## Problem requirements
Excluding pictures, retype the line with "Elegant og detaljeret" and each line that follows it to the end of the data below, word for word.

## Data
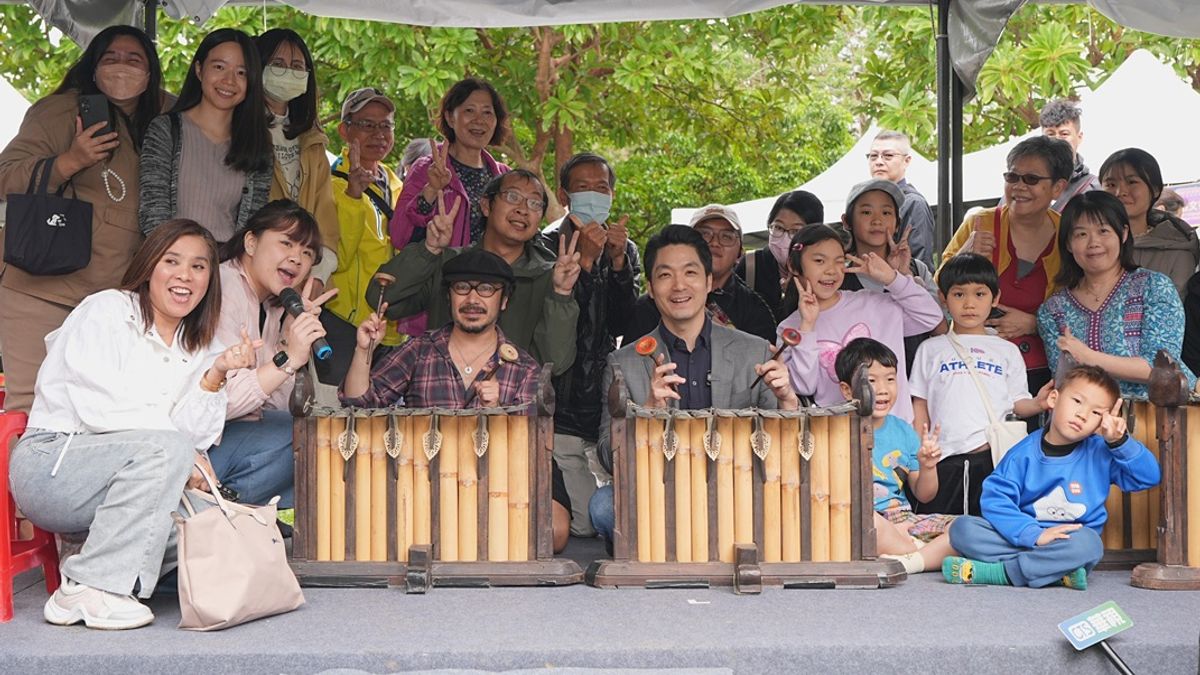 台北市長蔣萬安出席開齋節活動,體驗印尼甘美朗鼓樂。(圖/臺北市政府觀傳局提供) 台北市長蔣萬安出席開齋節活動,體驗印尼甘美朗鼓樂。(圖/臺北市政府觀傳局提供)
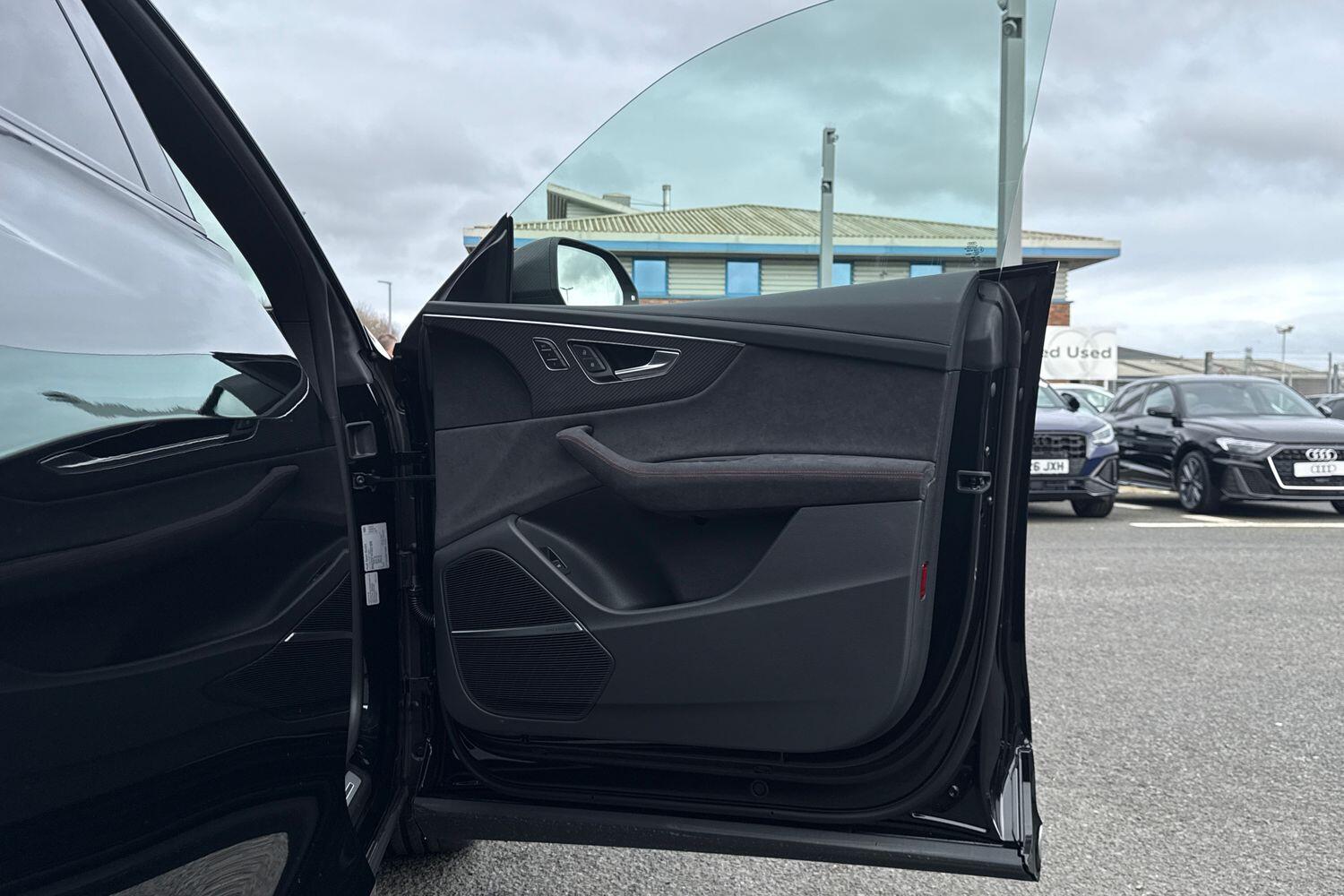 Used Audi RS Q8 2026 for sale - 77834894: Photo 44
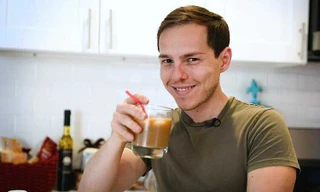 Triệu phú chuyên săn đồ giá rẻ để tiết kiệm từng xu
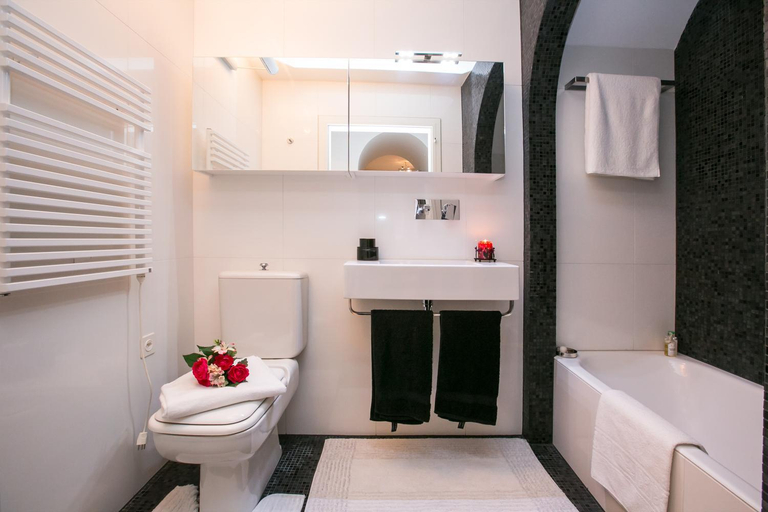Bathroom 2, Magic Gandria Lake-View Terrace - Happy Rentals, Lugano
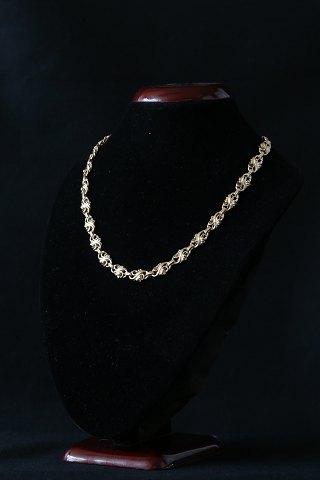 Elegant og detaljeret halskæde, i 14 karat massivt guld. Meget eksklusiv 
halskæde.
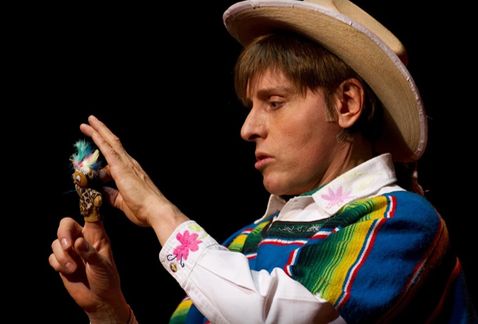 El actor se ha dedicado más al teatro.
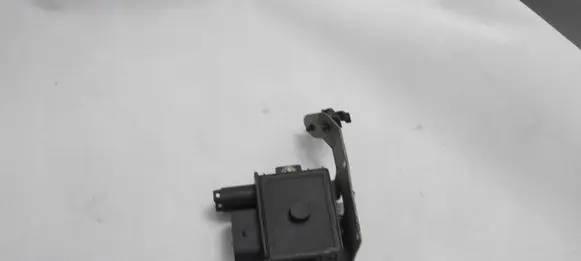 BMW 1 E81 E87 Glow plug pre-heat relay 7786821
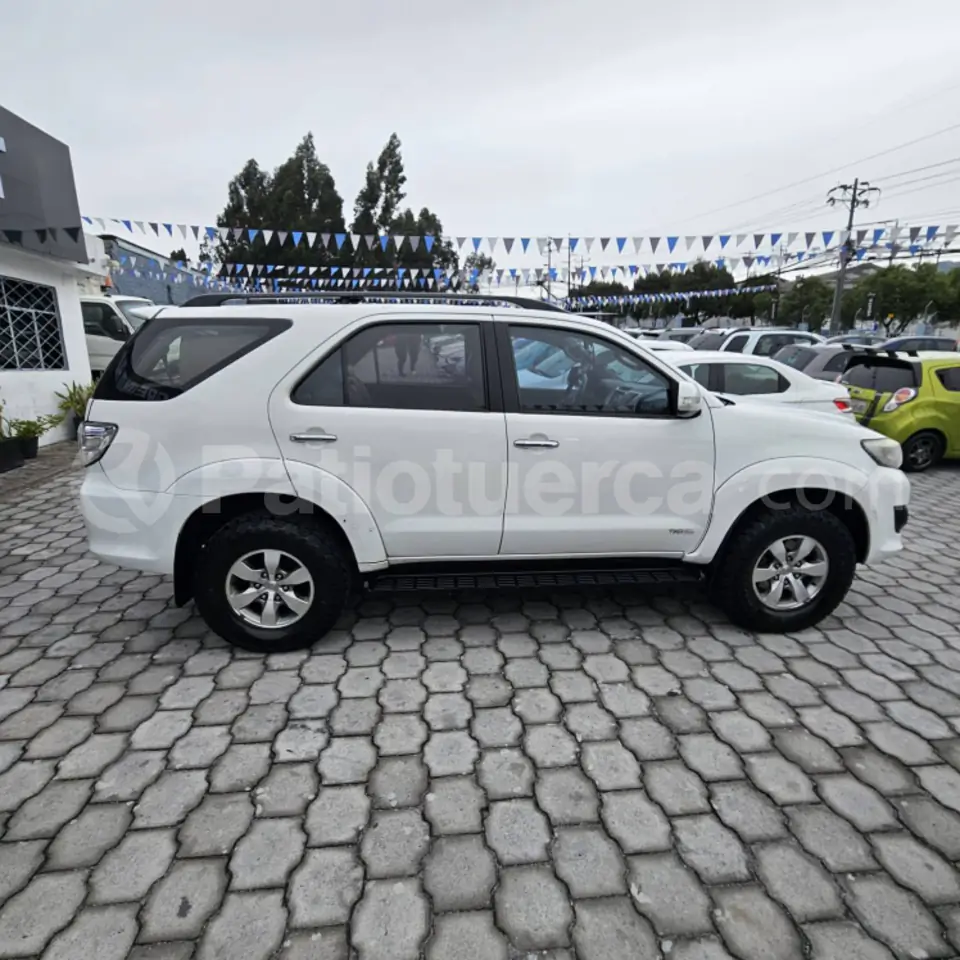 Foto 6 de Toyota Fortuner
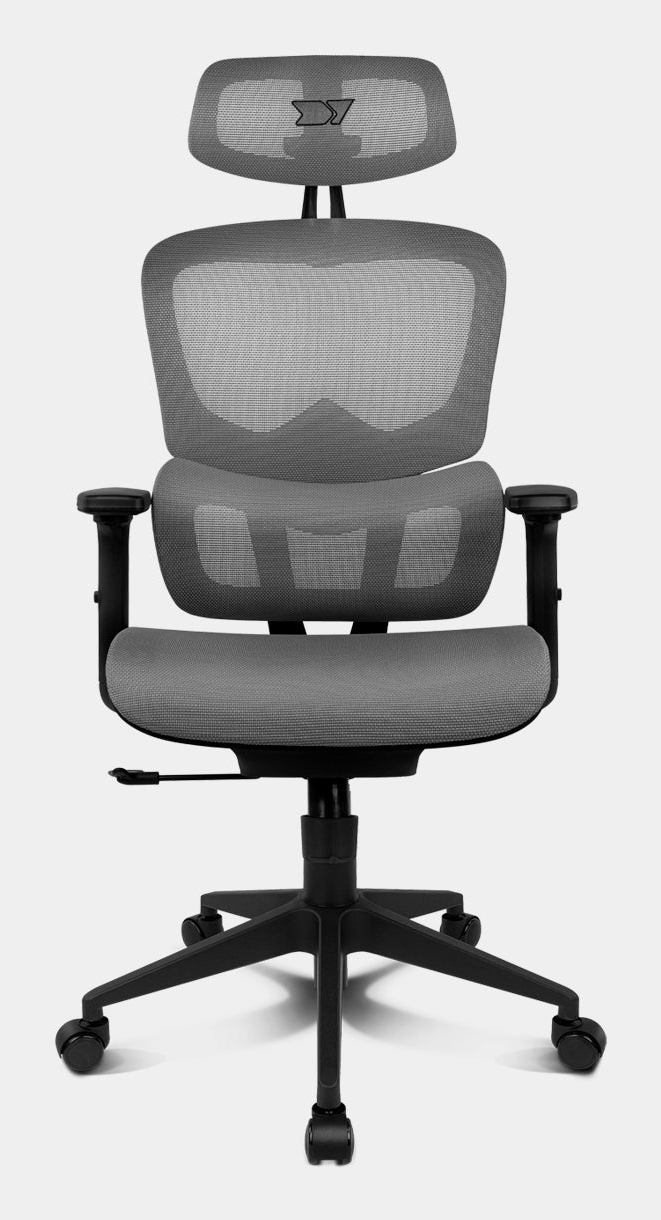 Silla de oficina de malla gris con reposacabezas y ruedas.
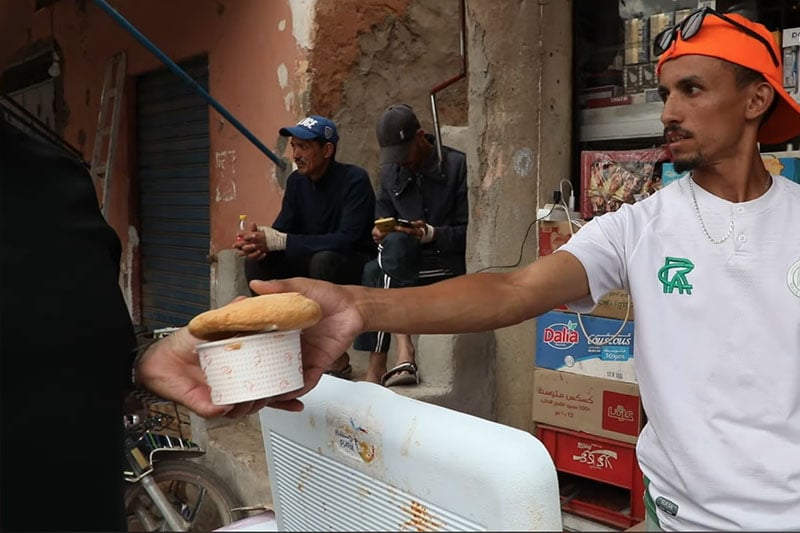 وجبات مجانية في إيجوكاك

## Exercise response
 Elegant og detaljeret halskæde, i 14 karat massivt guld. Meget eksklusiv 
halskæde.
 El actor se ha dedicado más al teatro.
 BMW 1 E81 E87 Glow plug pre-heat relay 7786821
 Foto 6 de Toyota Fortuner
 Silla de oficina de malla gris con reposacabezas y ruedas.
 وجبات مجانية في إيجوكاك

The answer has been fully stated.